After one week into the play of India’s central bank’s notice to all banks and companies dealing with cryptocurrencies, an anonymous source close to the government has suggested that the government is not looking at a blanket ban on the market and just may stay and subsequently scrap the RBI mandate, dated 6th of April.
The government official, who wished to remain anonymous, is part of the panel that is discussing the future of the market in the country. He said that, though the RBI mandate has been successfully enforced as of last week, it is very unlikely for that the government will push for a complete blanket ban of the market.
The Reserve Bank of India, on the eve of 6th of April, released a decree giving notice to all banks and companies registered with them to suspend all cryptocurrency accounts and dealings within a span of three months. The deadline for this particular decree expired on the 6th of July.

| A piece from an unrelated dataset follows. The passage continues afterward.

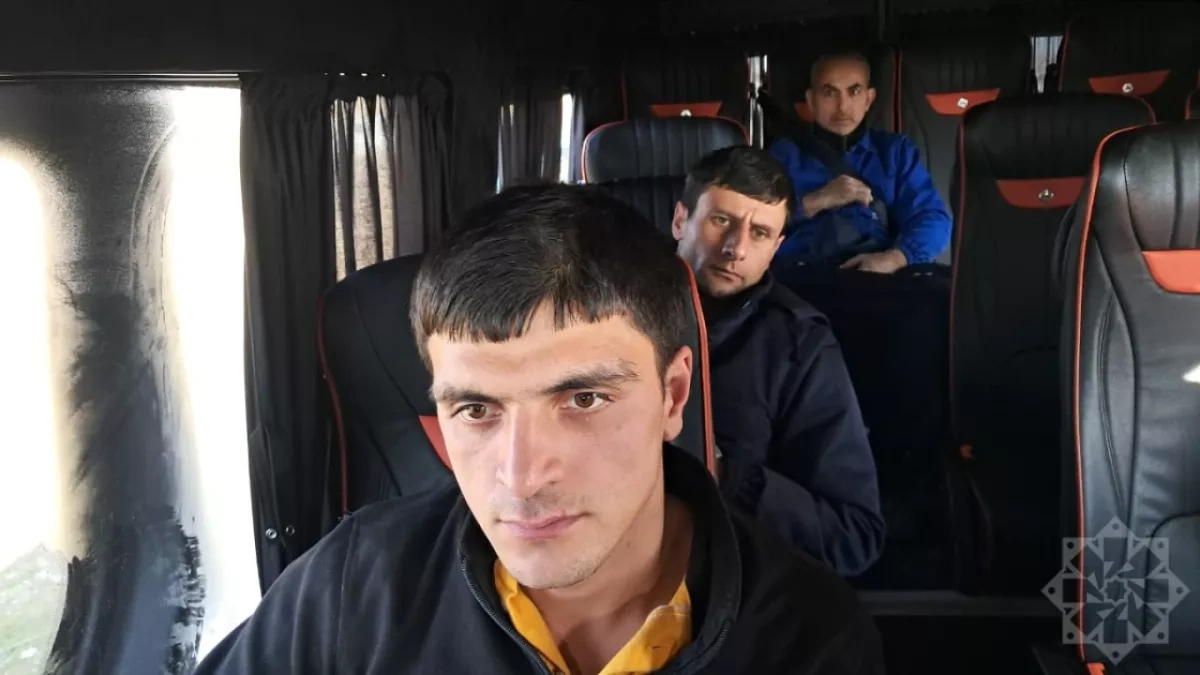 Former displaced Azerbaijani families returning to Aghdara's Vangli village PHOTO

The basic idea of the ban was to make sure that it wasn’t possible for people to buy cryptocurrencies directly from their bank accounts, thereby isolating the Indian economy from the cryptocurrency market.
As soon as the decree was announced and it made the rounds in media circles, it triggered a large number of lawsuits against the central bank, criticizing the lack of research and premise of the decision. The lawsuits are still in trial and the fact that they still are did not coerce the Supreme Court of India to issue a stay on the ban.

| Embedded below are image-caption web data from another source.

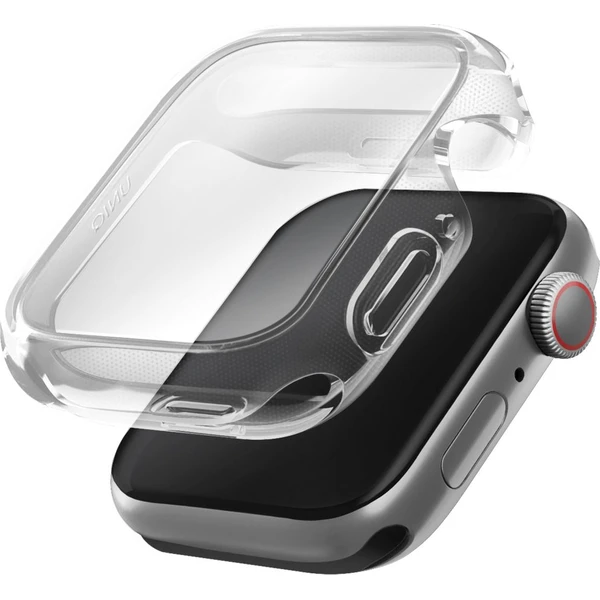UNIQ Garde Hybrid TPU+PC púzdro Apple Watch (40mm) priehľadné - Puzdra - Hlavný obrázok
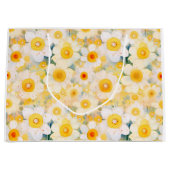 Artisan Wildflowers Geel Sinaasappel Happy Daffodi Groot Cadeauzakje (Voorkant)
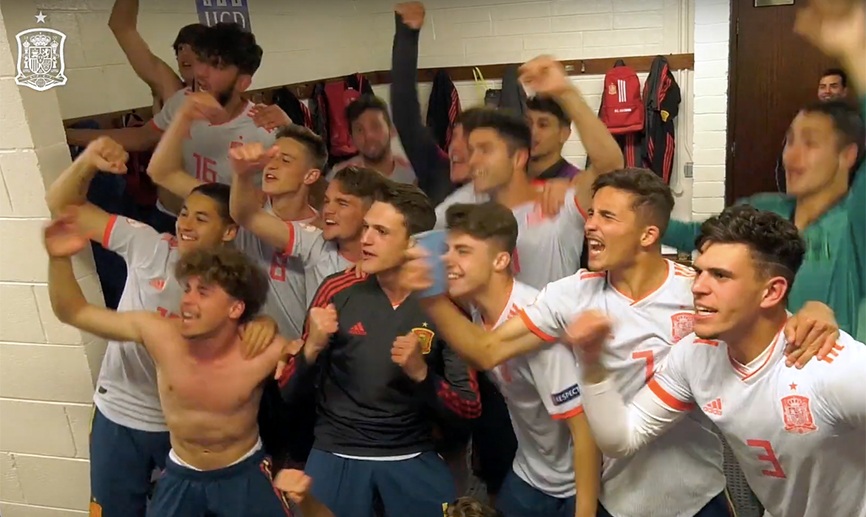 España se clasifica para el Mundial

Along with the series of lawsuits, there was also a Right To Information application that was filed by a cryptocurrency enthusiast in the country to find out what the actual premise of the decision was, that led to the Reserve Bank of India calling for such a blatant ban. The response to the RTI went on to prove that there had actually been no research or said the reason for the ban.

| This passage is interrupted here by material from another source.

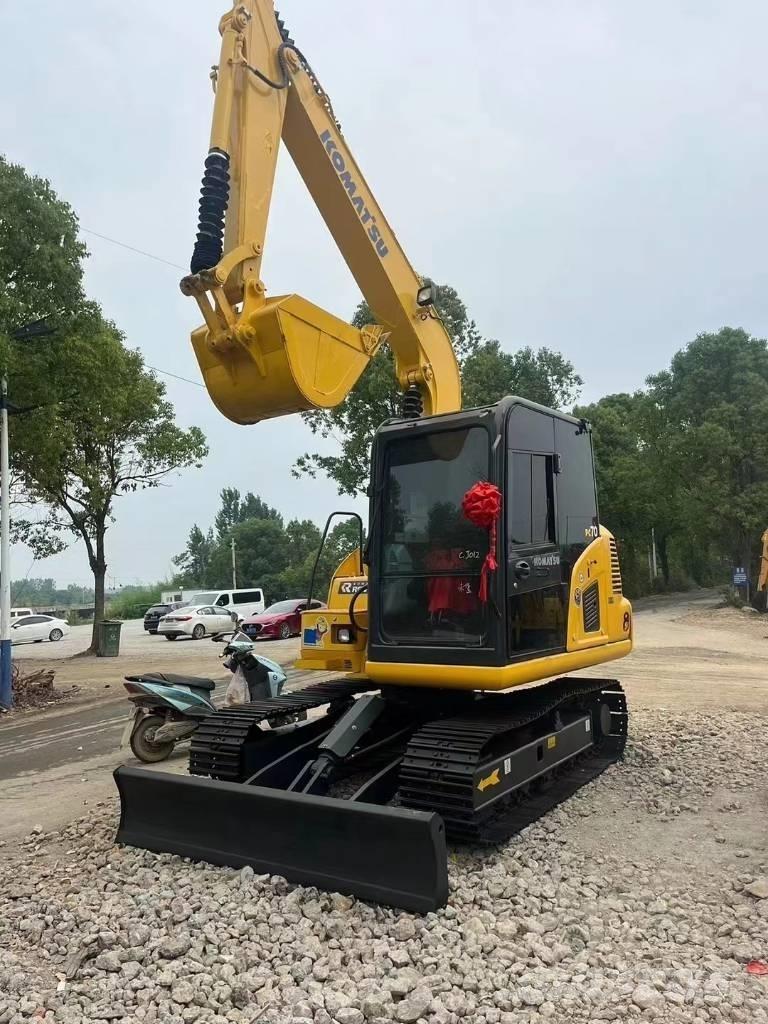 Komatsu PC70-8 Excavadoras 7t - 12t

Despite the loud hue and cry of the cryptocurrency community of the country, the ban came into effect on the 6th of July. Making it harder for the participants to buy and convert to any cryptocurrency using the Indian legal tender, the Indian Rupee (INR).
But as reported by Quartz, the statement made by the senior government official who is part of the cryptocurrency panel comes as a reprieve to the community in India. The government official contradicted the narrative being propagated by Indian media and said,
“Trade is not a criminal offence. Most of us trade in various asset classes in the stock market. So how is this [cryptocurrency trading] any different? What has to be in place is a mechanism to be sure that the money used is not illegal money, and to track its source is the most important thing.”
He went on to say that, “Allowing it as a commodity may let us better regulate trade and so that is being looked at.”
This, as of now, is music to the ears of the entire cryptocurrency community in India. But what will be done to solidify these statements in terms of actions still remains to be seen.